The Murder Capital's release week trip around the UK's record stores in support of their third album Blindness continued on Monday night with an hour-long set in the venue space at Rough Trade's new store in Liverpool. Performing the whole of Blindness plus three old favourites, the five-piece brought Blindness to vivid life.
As a band that made their reputation on the back of incendiary live shows around the release of their debut album When I Have Fears, it's essential to catch The Murder Capital live to experience the music in its true context. Seeing the whites of James McGovern's eyes and the intensity of the band (Gabriel on bass, Damon and Cathal on guitars and Diarmuid behind the sticks) delivering these songs paints pictures as bright and bold as the sleeve of their third album.
Kicking off with the album's opener Moonshot they set their stall out from the start, guitars on the edge of distortion and fast furious vocals delivered by McGovern with a raw edge and passion that you simply can't capture in the more sterile environment of a recording studio. With space at a premium on the stage, there's little movement from the other four, a stand-out characteristic of their live show as they lose themselves in the moment, but here it just adds to the intensity of the event. The Fall starts a mosh-pit encouraged by McGovern's command to "get fucking rowdy." Don't Cling To Life takes us on a brief look backwards, and despite some wanting to hear more old material, the audience is generally fully attentive to the new material that was released to the world just a few days earlier.
The singles off Blindness - Can't Pretend To Know, A Distant Life and Words Lost Meaning - have a harder steelier edge to them live, whilst the album's more restrained moments - Swallow, Trailing A Wing and Death Of A Giant - bristle with fire that comes right from the heart whilst Born Into The Fight steals the show with its brooding menace that bursts into furious life in the chorus as the reflective sound of the verses burst into a cacophony of guitars.
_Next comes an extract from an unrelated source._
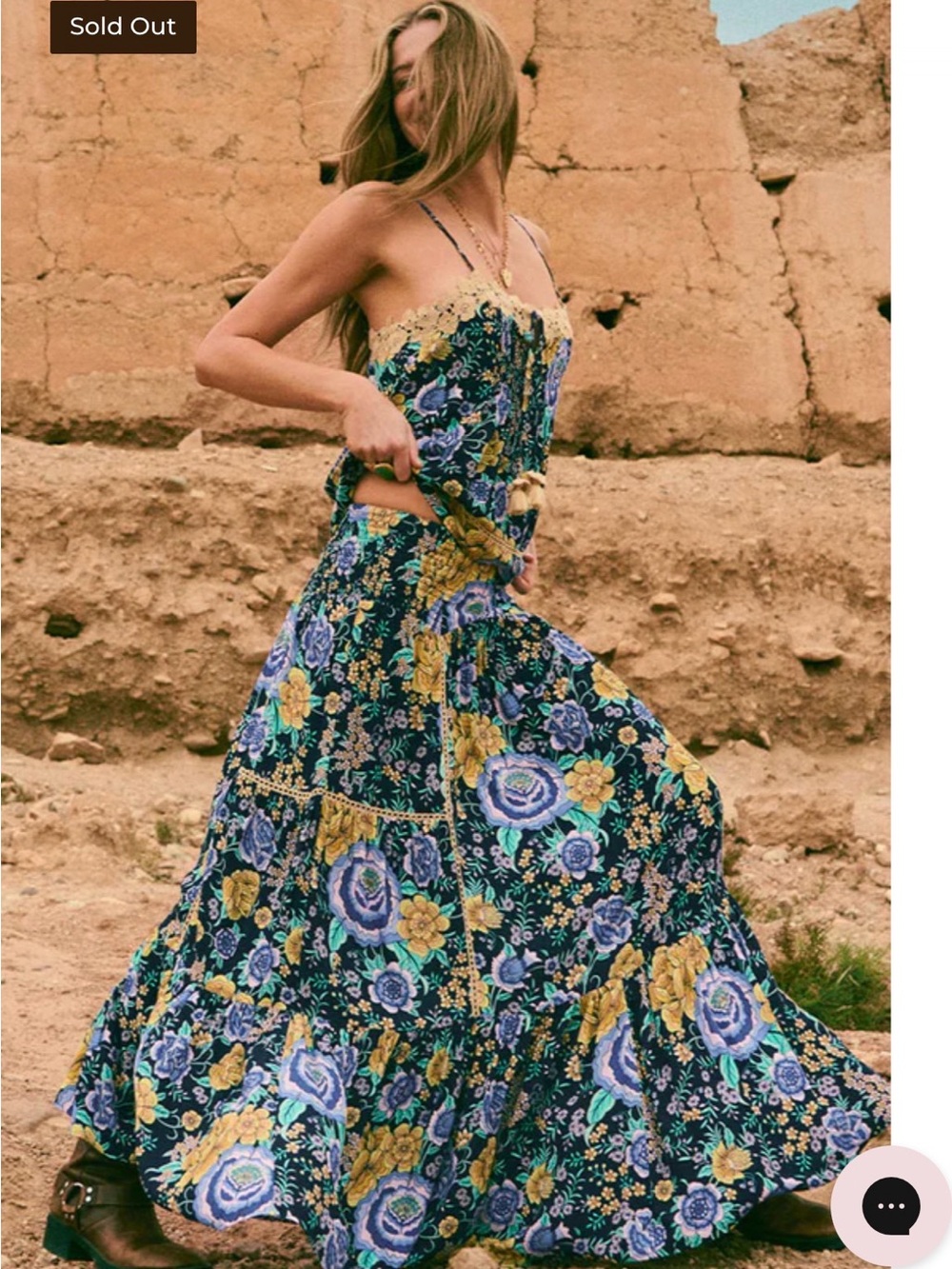 Spell Full Bloom maxi skirt medium NWT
McGovern deals politely but assuredly with a couple of repetitive hecklers, one trying to hold conversations with him between songs and another who seems to scream the same word repeatedly. His natural charm dissolves any potential issues as well as his playful challenge to them to sing the first lines of the next song. He tells the story behind Trailing A Wing and praises Gabe for his appearance before turning it round and telling a story of Gabe's bout of self-inflicted food poisoning he gave himself during the recording sessions for the album.
Conscious of the challenging nature of playing an album in full that's only been in the shops three days they add in an impromptu Feeling Fades which sets the crowd off. However, tonight is about Blindness and the final duo of Death Of A Giant and the aching heartfelt Love Of Country are the perfect way to close the evening, the latter's questioning of patriotism crossing lines into xenophobia seeing The Murder Capital moving from the inward looking personal nature of their early work into more widescreen worldly concerns as they seek to reclaim the momentum that was cruelly snatched from them by the lockdown as When I Have Fears had them primed to take over the world.
The Murder Capital played Moonshot, The Fall, Don't Cling To Life, Can't Pretend To Know, A Distant Life, Born Into The Fight, Swallow, Trailing A Wing, Ethel, Words Lost Meaning, That Feeling, Feeling Fades, Death Of A Giant and Love Of Country.